無論だが研究者は今も本来の作り方を研究している。古代中国の文献では世界最古の料理本である「斉民要術」に日本の"蘇"の元となった"酥(そ)"の作り方が書かれている。ただしこれはあくまで古代中国の"酥"であり、日本の"蘇"は加熱方式で作る日本オリジナルの食品であり、斉民要術には記載は無い。

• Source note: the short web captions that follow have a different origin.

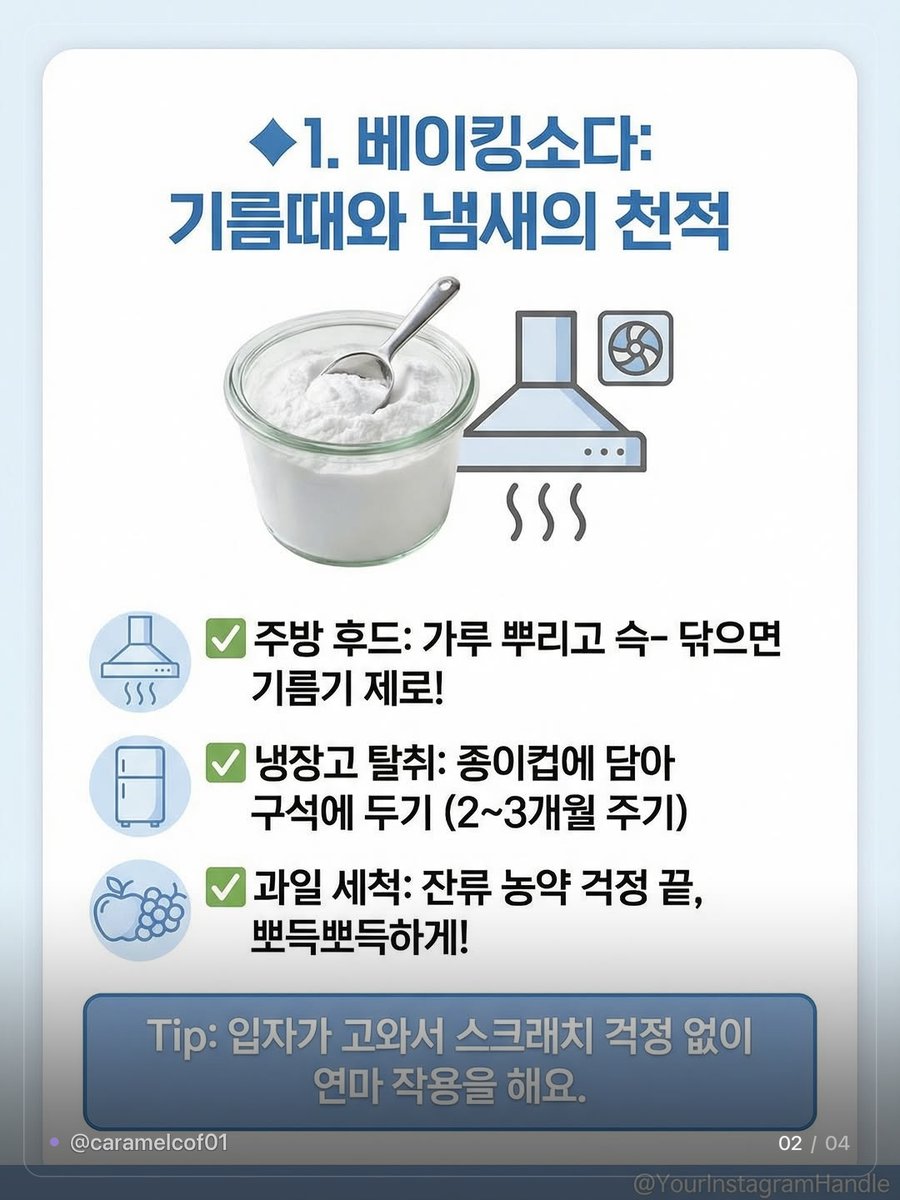 caramelcof01's tweet photo. ✦ 베이킹소다 구연산 과탄산소다 뭐가 다름 🧼 ✦

성질이 달라서 용도도 다름

🟡 베이킹소다 · 약알칼리성
기름때랑 냄새 잡는 흡착왕
주방 후드에 가루 뿌리고 쓱 닦으면 기름기 제거

🔵 구연산 · 산성
물때랑 세균 잡는 소독왕
전기포트에 물과 함께 끓이면 석회질 제거
화장실 수전은 5% 구연산수로 초벌 닦고 헹구기

⚪ 과탄산소다 · 강알칼리성
찌든때랑 얼룩 잡는 표백왕
냉장고 탈취는 종이컵에 담아 2~3개월 주기로 교체
과일 세척은 2분 담갔다 헹구기

입자가 고와야 스크래치 없이 닦임

세 통 다 있는데 용도를 몰라서
아무거나 뿌리던 사람 나임 🧽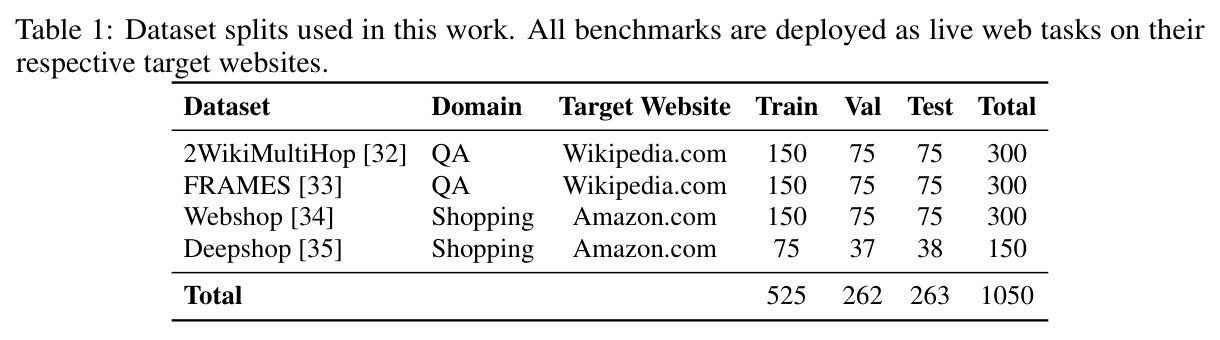 Dataset splits used in this work.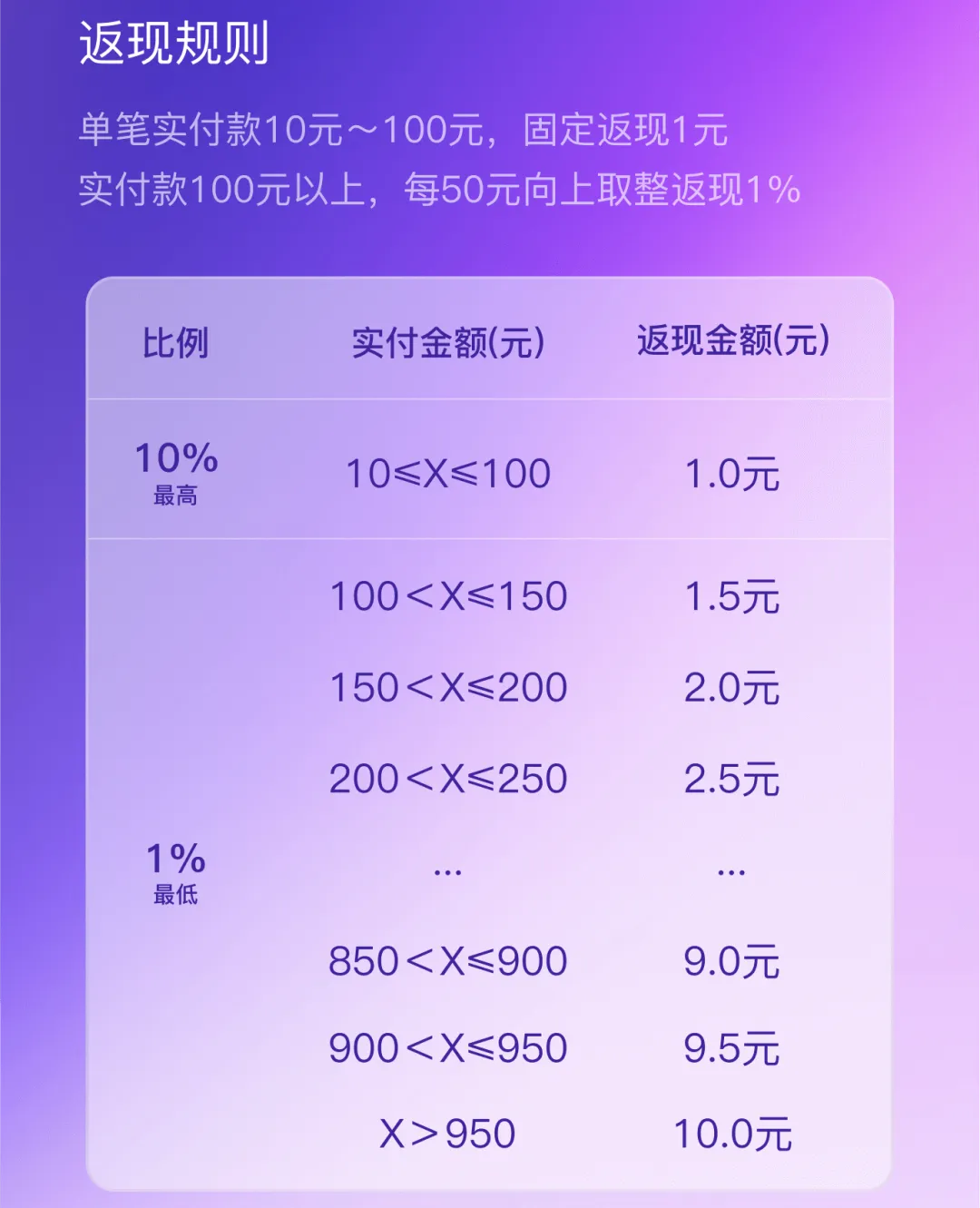 50元立减金+150元返现+240元还款券（完整攻略）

東野治之氏と池山紀之氏が昭和56年に発表した論文があるので引用としておく。

【"蘇"についての基本的な知識】
そもそも原料となる牛乳は古代では「薬」とされていた。
現存最古の医学書である 「医心方」には、牛乳の効用が記載されていると共に、蘇は「全身の衰弱をおぎない、大腸を良くし、口の中の潰瘍を治療する」と書かれているくらいだ。「唐大和上東征伝」には鑑真が来日した際に蘇を持っていたなど、医薬品としてや、仏教儀礼でも用いられていたと考えられている。釈迦の伝記の中でも、釈迦が苦行により衰弱していました時に、村の娘スジャータから差し出された「乳粥」で体力を戻し、その後、瞑想によって悟りを開くエピソードがある。この乳粥は現代のインドでは「乳粥(キール)」というデザートとして現代に伝わっている。

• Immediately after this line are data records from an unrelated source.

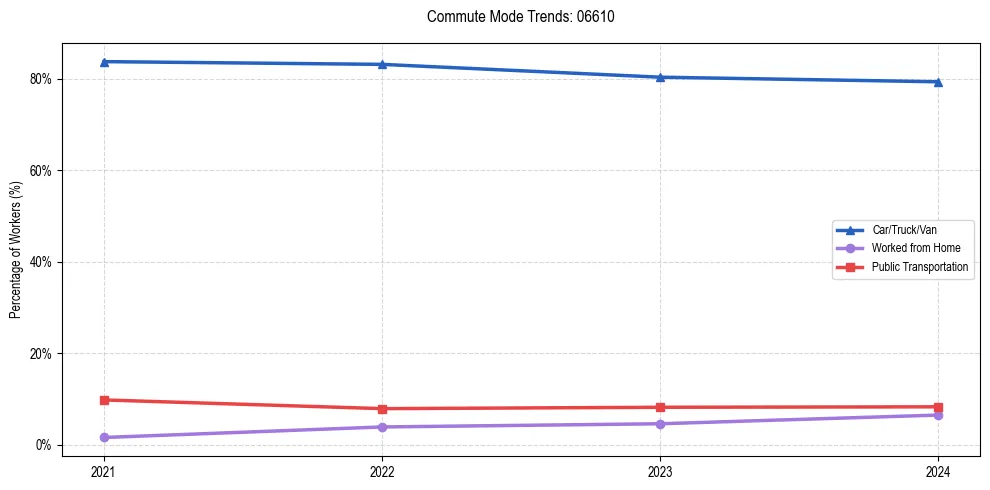 Transportation trends in US ZIP Code 06610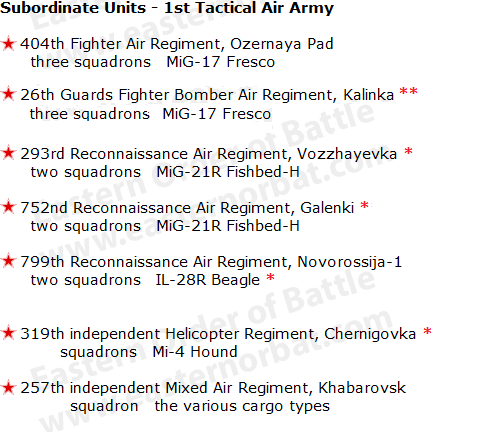 1st Tactical Air Army Order of Battle in 1968b 1st Tactical Air Army Order of Battle in 1968b
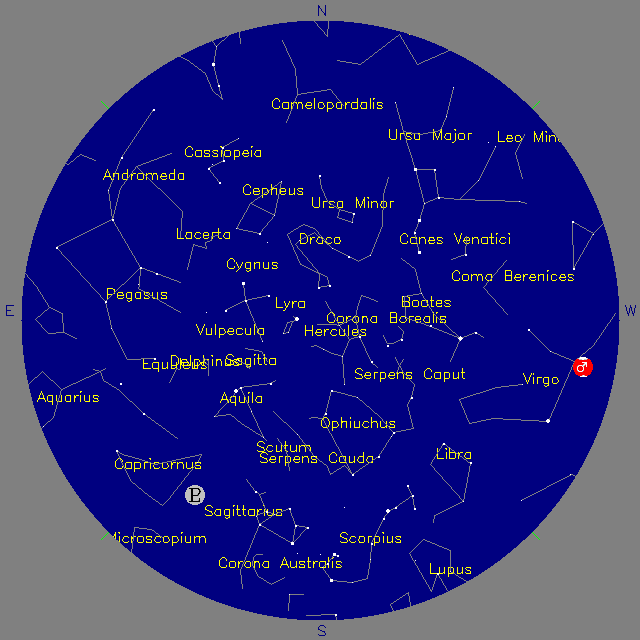 Sky Chart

 孝徳天皇の時代には乳長上という役職が設けられ、その後、典薬寮(今でいう総合病院)に乳戸という牛の世話と搾乳を専門とする機関まで設けられ、平安時代には乳牛院と発展、名称を変えている。
675年、天武天皇が「肉食禁止令」を出す。これは仏教の考えに基づいて肉食(牛、馬、鶏、猿、犬)を食べることを禁止したのだが、これによって動物性たんぱく質を取る機会が失われてしまった。これに注目されたのが"蘇"を始めとする乳製品であった。乳製品の消費が上がったことにより、700年頃、文武天皇が諸国に命じて蘇を作らせ、献上することを義務づける。これを貢蘇(こうそ)という。これは鎌倉幕府が滅亡する1333年まで続いた。その後、乳製品の消費は一度途切れる(それでも貴族などの富裕層では消費されていた)が、江戸幕府になって将軍の滋養強壮のために再び乳製品が注目されるようになる。

このように"蘇"は歴史の中で一度消えてしまったが、時代と文化の発展に伴い乳製品の一部として現代に伝わっている。当時の形や味の再現はほとんど不可能かもしれないが、皆さんも自分だけの"蘇"チャレンジをしてみてはいかがだろう?